--- Excerpted data ---
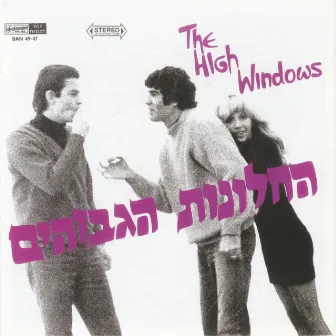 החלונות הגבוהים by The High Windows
---
--- Excerpted data ---
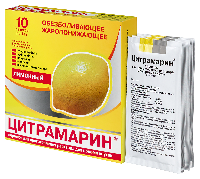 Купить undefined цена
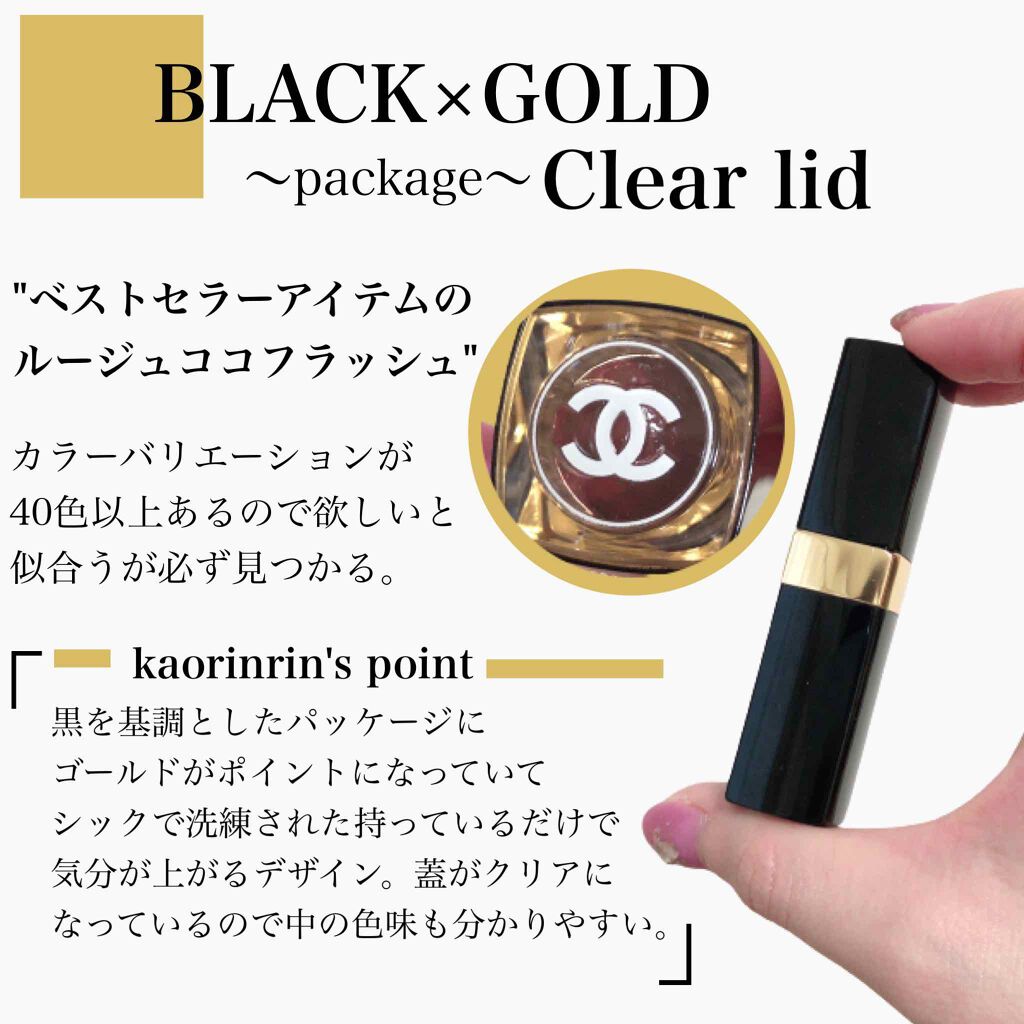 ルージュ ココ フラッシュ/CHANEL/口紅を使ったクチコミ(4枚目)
---
--- Excerpted data ---
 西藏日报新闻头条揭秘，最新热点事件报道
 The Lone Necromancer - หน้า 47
---
## [Required action]
Could you transcribe the entries above word for word, from the line with "西藏日报新闻头条揭秘，最新热点事件报道" down to the line with "The Lone Necromancer - หน้า 47", keeping both?

## [Response]
 西藏日报新闻头条揭秘，最新热点事件报道
 The Lone Necromancer - หน้า 47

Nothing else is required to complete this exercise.